Caitlin Rose: The Stand-In
Rating: 4 out of 5 stars
“So long ago my radio heart got broken/the songs I want to hear, they never play,” laments Caitlin Rose on the opening track of her sophomore album. Assuming those tunes are a mix of country, pop and rock that dominated the airwaves in the mid to late ’70s, Rose is determined to create them herself. She does just that to stunning effect with sweeping, bucolic melodies enhanced by widescreen, Technicolor production and occasional strings. Her girlish, sweet voice perfectly complements these dozen gems, some of which like the Patsy Cline-styled “Golden Boy” seem like covers from an earlier, simpler time.

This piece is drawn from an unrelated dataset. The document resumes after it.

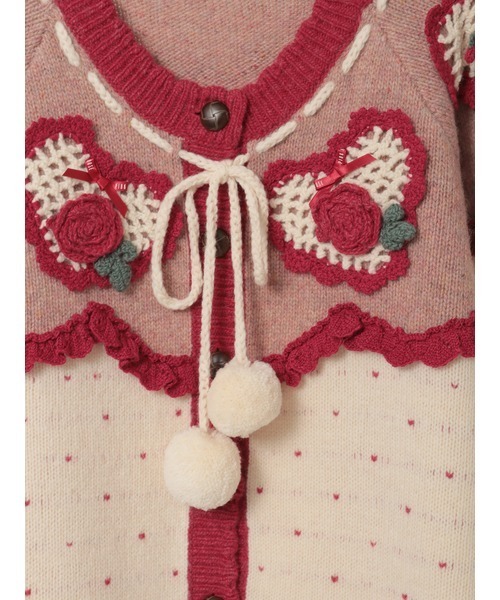 ハートモチーフ使いヨークニットカーディガン（カーディガン/ボレロ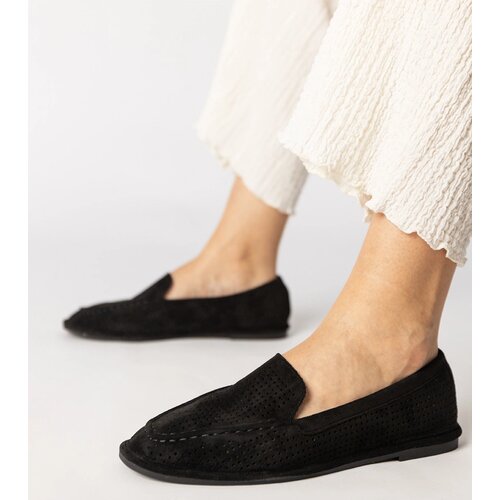 Gemre Black perforated eco-suede moccasins Stanila Cijene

The mature, somewhat retro approach belies her young age, which at 25 has already assimilated the music of decades ago. Strains of ’60s girl groups join with a countrypolitan sound and Linda Ronstadt’s sweet and tangy California rock, all layered with slide and pedal steel guitars, chiming keyboards and pumping beats. They yield tight, beautifully written, crackling songs that are contemporary yet rooted in a past she is too young to remember. Tracks such as “Only a Clown,” the sumptuously rocking “Waitin’” and the lead single “I Was Cruel” would be ripe to become classics if only radio played music this good anymore. With an album as consistently strong as The Stand-In at this early stage, she has an impressive career ahead. Get on board now because this will turn out to be one of finest, most assured roots releases of the year.